Zydus Marks Strategic Entry into China with NMPA Approval for Venlafaxine ER Capsules

Zydus Lifesciences Limited has achieved a pivotal regulatory and commercial breakthrough by securing its first-ever approval from the National Medical Products Administration (NMPA) of China. This landmark approval is for Venlafaxine Extended-Release (ER) Capsules in the 75 mg and 150 mg strengths.

This milestone signifies Zydus’s successful navigation of China’s stringent regulatory processes and establishes a crucial foothold in one of the world’s fastest-growing pharmaceutical markets.

Critical Mental Health Therapy

Venlafaxine ER Capsules, an established medication globally, are indicated for treating several major psychiatric and anxiety disorders:

Major Depressive Disorder (MDD)
Generalised Anxiety Disorder (GAD)
Social Anxiety Disorder (SAD)
Panic Disorder (PD)

The medication functions as a Serotonin and Norepinephrine Reuptake Inhibitor (SNRI), working to restore the balance of these key neurotransmitters in the brain to effectively improve mood and alleviate anxiety symptoms.

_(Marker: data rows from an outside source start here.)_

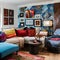 6 An eclectic, vintage-inspired living room with a mix of colorful upholstery, a mix of patterned and solid throw pillows, and a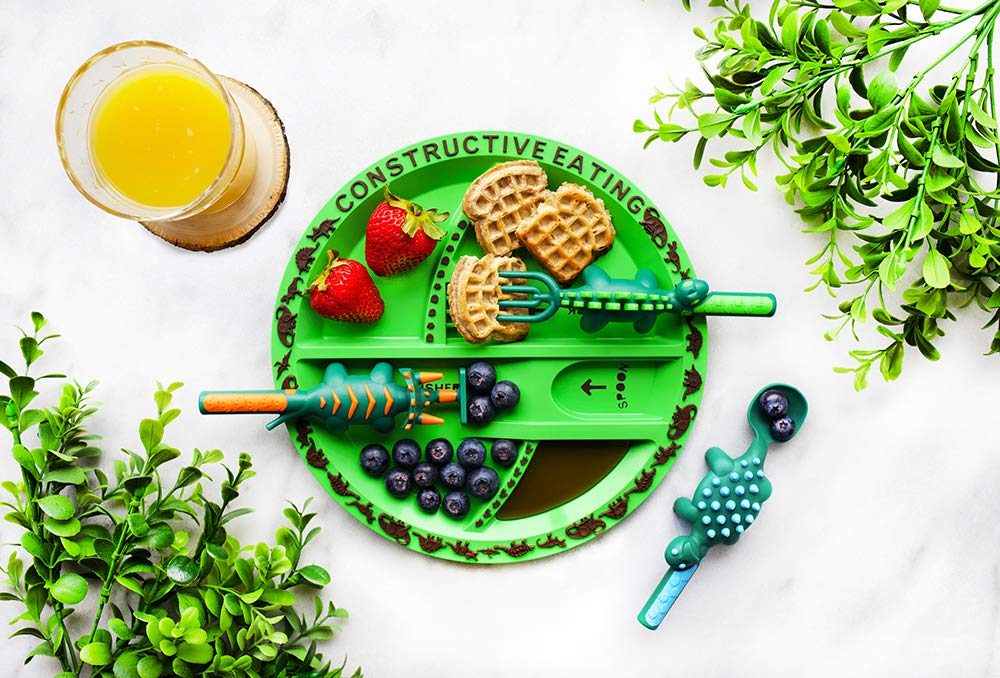 Constructive Eating dinosaur-theme dinnerware inspires imaginative meals.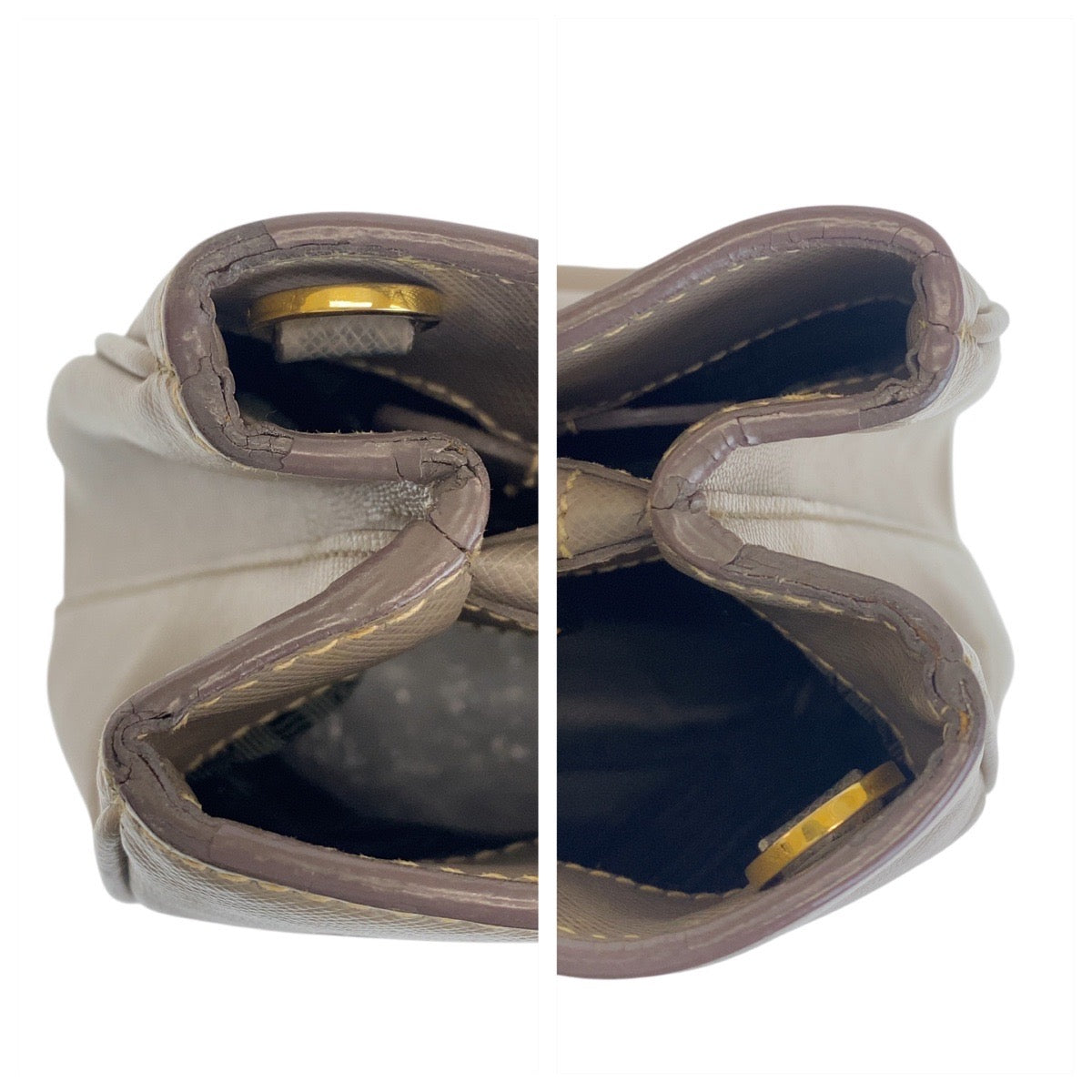 21097
PRADA プラダ サフィアーノ 三角ロゴプレート グレージュ ゴールド金具 レザー ハンドバッグ ショルダーバッグ 2way レディース AB52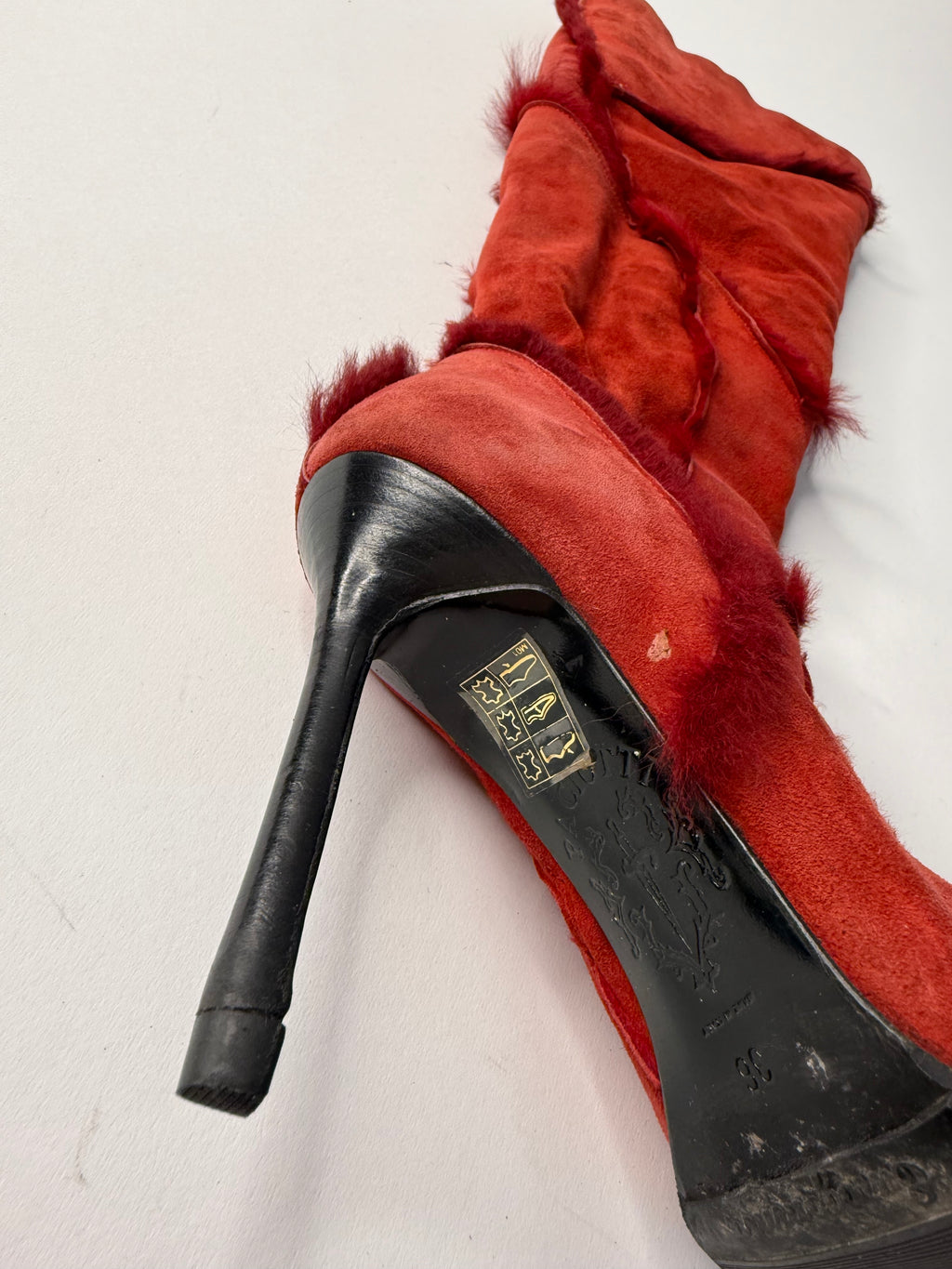 Cesare Paciotti F/W 2002 red shearling boots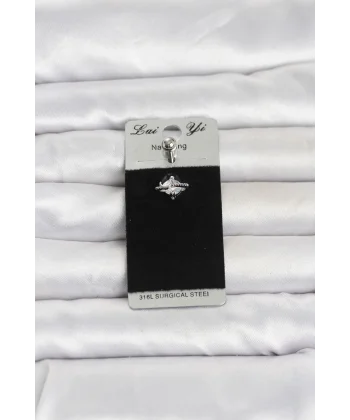 316L Cerrahi Çelik Zirkon Taşlı Göbek Piercing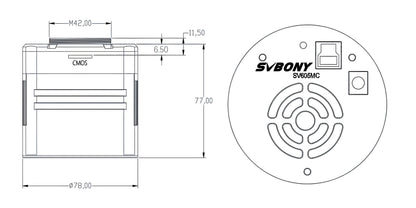 Caméra Mono Refroidie SV605MC IMX533 for astronomy - SVBONY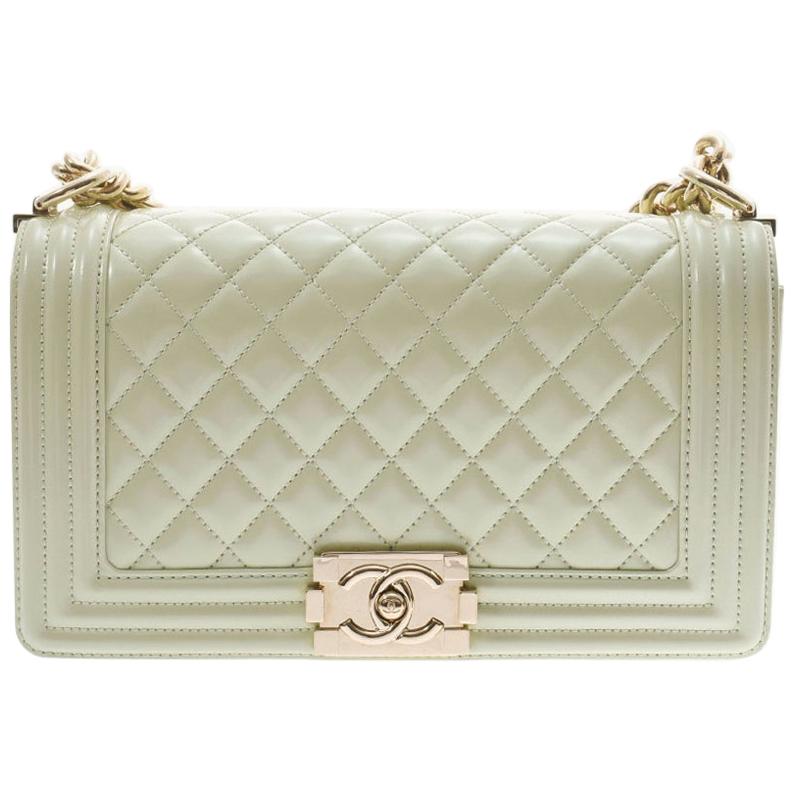 Chanel Mint Green Quilted Patent Leather Medium Boy Flap Bag at 1stDibs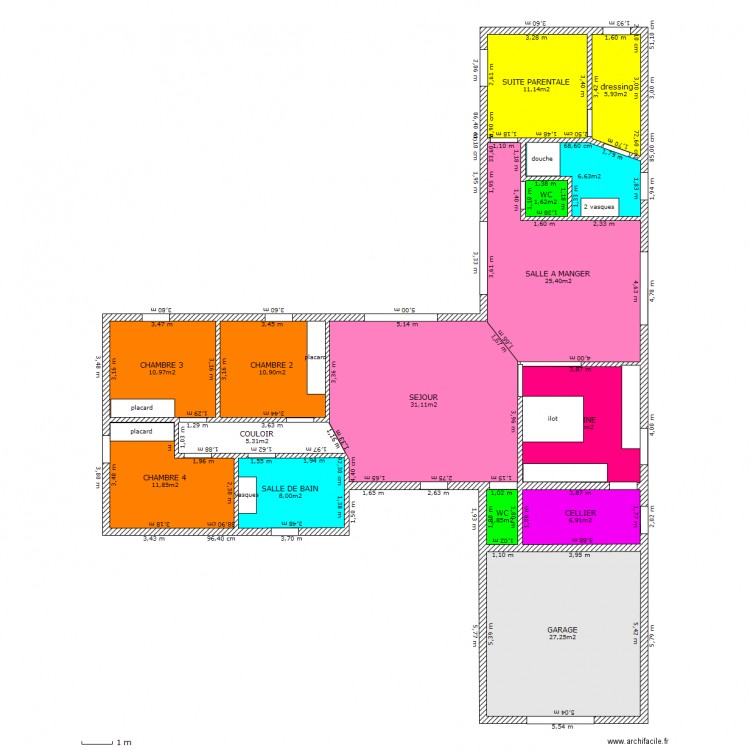 NOTRE PLAIN PIED EN T - Plan 15 Pièces 180 M2 Dessiné Par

Manufacturing and Market Strategy

The Venlafaxine ER Capsules destined for the Chinese market will be produced at Zydus’s state-of-the-art manufacturing facility located in Moraiya, Ahmedabad, India.

This initial NMPA approval is a strategic precursor for Zydus’s broader expansion plans in China, indicating the company’s commitment to bringing its portfolio of quality, affordable medicines to the vast Chinese patient population suffering from mental health conditions.